Chief is an annoyance to Alicia, who is wrapped up in her self-imposed, grief-mandated, guilt-induced isolation. He flings coins back at her when she doesn’t pay him enough, sneers at her as a gringa (she’s Mexican, but not being from Panama apparently makes her foreign enough to warrant the slur) and insinuates vague threats about what will happen to her car if she’s stingy. Alicia, with the grit of the hard-edged urbanite who is just too preoccupied right now to worry about checking her privilege, refuses to be intimidated. They settle into a frosty stalemate, which changes abruptly when one night Alicia finds Chief bleeding from a bullet wound to the stomach on her stairway.
This is the third time a film of Benaim’s has been selected as Panama’s entry for the international Oscar, but the previous two were documentaries (2014’s “Invasion” and 2018’s “Ruben Blades Is Not My Name”). This time, in his second fiction feature, Benaim brings some of his documentarian sensibility to bear on a story that might otherwise feel a little schematic. As it is, the entirely convincing snapshot he presents, of a city riven by divisions between the wealthy and the poverty-stricken, comes to glowering life in the gently thawing chemistry between his two protagonists.
And while “Plaza Catedral” never lapses into sentimentality, as Alicia’s unexpected and volatile connection to Chief evolves to provide her with the redemption perhaps even she does not know she is seeking, the truthfulness of the performances renders it moving and genuine, despite the inherent problematics of its focus on the poor boy primarily as an agent of change for the well-off woman.

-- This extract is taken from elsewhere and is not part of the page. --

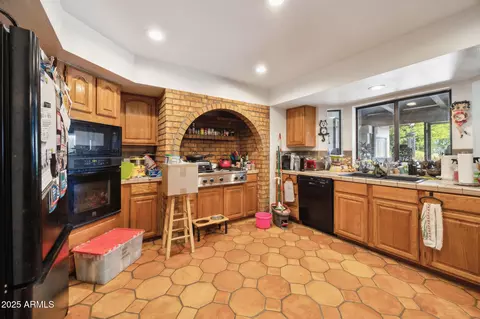 Kitchen - 1908 E Beck Ln, Phoenix, AZ 85022 photo 1 of 3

The actors’ subdued, elegant downplaying is complemented by the cool restraint of Lorenzo Hagerman photography, which is especially attuned to the impersonal, somehow oblivious, coldness of more moneyed surroundings: the expensively neutral upholstery of Alicia’s spacious apartment; the angles and floor-to-ceiling windows of the office where her complacent boss Jack (played by Benaim himself) insists on sharing a celebratory drink with her at 10 in the morning. One shot, of a painstaking scale model of the Panama City skyline which is placed by a window that looks out onto the very same real-life view, is eloquent in its summation of an entire professional elite who literally get to build the world according to their own design — or, conversely, get to look on the real world from a lordly perspective, as though it were their plaything.

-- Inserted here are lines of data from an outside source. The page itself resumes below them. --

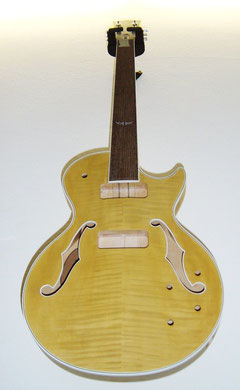 Nach dem Beizen sieht die Gitarre so aus.
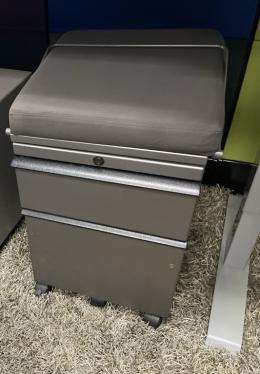 Knoll Box File mobile pedestal with cushion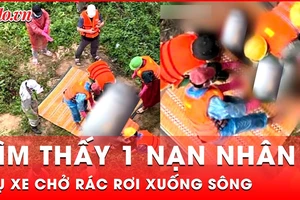Vụ xe rác rơi xuống sông: Tìm thấy thi thể 1 nạn nhân 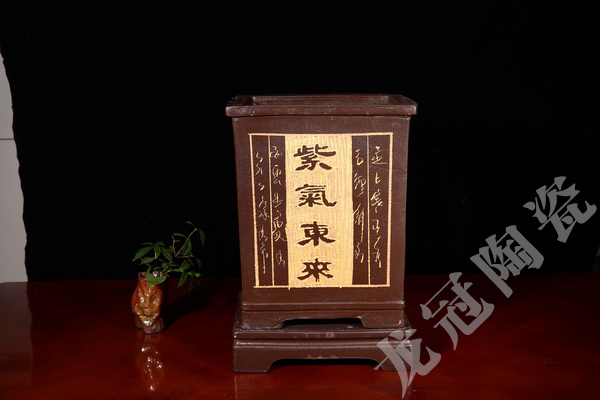 紫砂花盆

It contrasts most markedly with a section toward the end when Alicia finally visits the grubby, ramshackle neighborhood where Chief lives, and of which it’s likely no architect ever troubled to build a model. That Benaim, who also wrote the screenplay, chooses to end his film here, in a moment of sudden violence that is a darkly cathartic culmination for both characters, is poignant in offering the slenderest, faintest tendril of optimism. Which somehow makes that final title, with the news of this promising, charismatic young actor’s horribly premature death, all the more crushing: an example not of life imitating art, but obliterating it.